War for the Observer: Management Battles With Legacy

When Jared Kushner bought The New York Observer in 2006 from its benefactor and owner, Arthur Carter, New York City’s salmon-colored staple had been losing about $2 million dollars a year.

But the paper, which had always been financially troubled, had incalculable cachet. For the cultural and media elite it chronicled, it was a must-read, and a significant voice in local politics and real estate. Created in its storied form by Graydon Carter, who would go on to edit Vanity Fair, briefly edited by Susan Morrison, now of The New Yorker, and then guided by longtime editor Peter Kaplan, the paper’s relatively small circulation of 50,000 understated its influence.

Kushner, a then-25-year-old real estate heir, paid nearly $10 million for this cachet. He saw the Observer not only as a way to improve his standing—as one of the paper’s former reporters has written, “owning the Observer opened doors real estate never could”—but also to prove himself. By running the Observer like a business—marketing the brand, building a Web presence, and providing more editorial resources—he would add profitability to the brand’s coolness and clout. In so doing, he would demonstrate his own value and maturity.

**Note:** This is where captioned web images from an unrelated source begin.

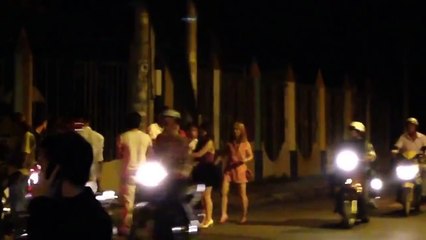 Đâm chém nhau kinh hoàng 1 tại beer club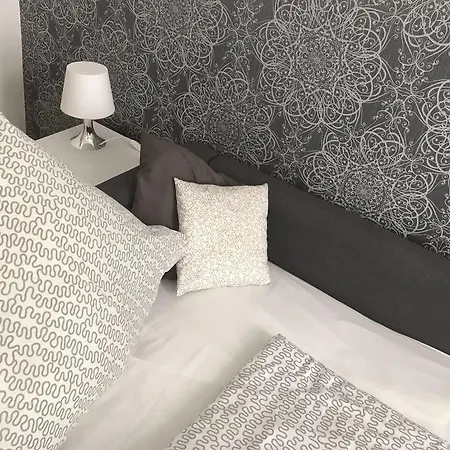 Balthasar Neumann Speiserei & Gaestehaus - Zentrum -e-ladestation, Naehe Phantasialand 2* Bruehl (Rhineland)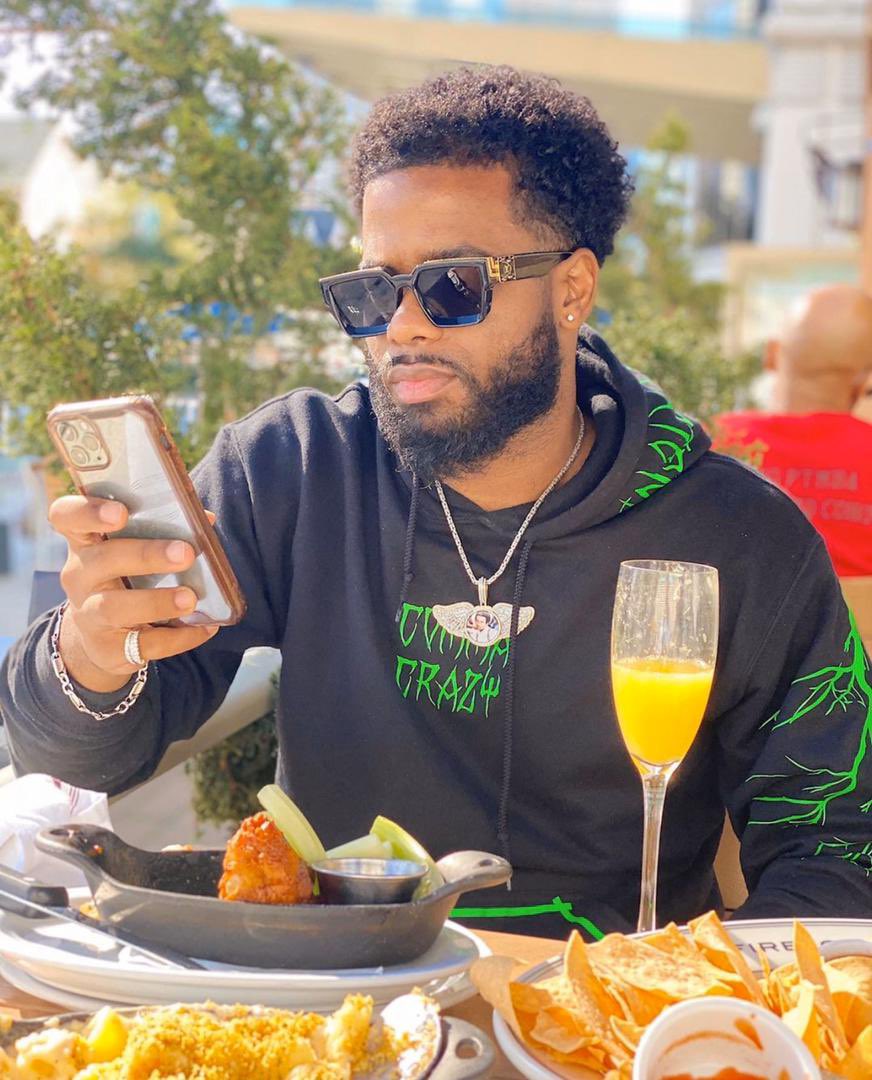 jerrycryptoc's tweet image. l can show you how to make your hourly wage in minutes by trading in the HFX market •Want to to know how? DM " Wealth" to get started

This uncertain business proposition meant Kushner would have to turn the small-circulation periodical into an advertising miracle. To this end, in March 2009, Kushner hired Christopher Barnes, the co-founder and former publisher of AM New York, as president of the Observer. Since arriving, Barnes has been on an aggressive campaign to increase ad revenue and cut costs and to dominate the editorial culture of the paper.

But according to Adweek’s extensive interviews with many of the Observer’s former business and editorial employees, Barnes’ campaign—and Kushner’s apparent faith in Barnes—is destroying much of what gives the paper value.

Through a representative, both Kushner and Barnes declined to be interviewed for this article.

The Observer now is a very different place than it was when Kushner bought it. The once tony publication, which reflected Kaplan’s strong editorial voice and nostalgia for the city’s journalistic traditions, is now driven by Barnes, a local retail ad-space salesman.

“You’ve got a paper, or a brand, that is selling itself on being a premium brand, and they hired a guy whose entire background is in local, classified sales,” one source said in disbelief. “There could not, in my mind, be more of a disconnect.”

Two weeks ago, former Gawker editor Elizabeth Spiers became the Observer’s fourth editor in half as many years. Her appointment signals Kushner’s still-strong desire to enhance the Observer’s voice and build its Web site, which is regarded as behind the times. (One of the paper’s former columnists recently explained that he left the Observer last year because he “didn’t want to get left behind” on the Web.) Spiers will report to Barnes—”She’s going to run screaming in a couple of months,” one former employee said.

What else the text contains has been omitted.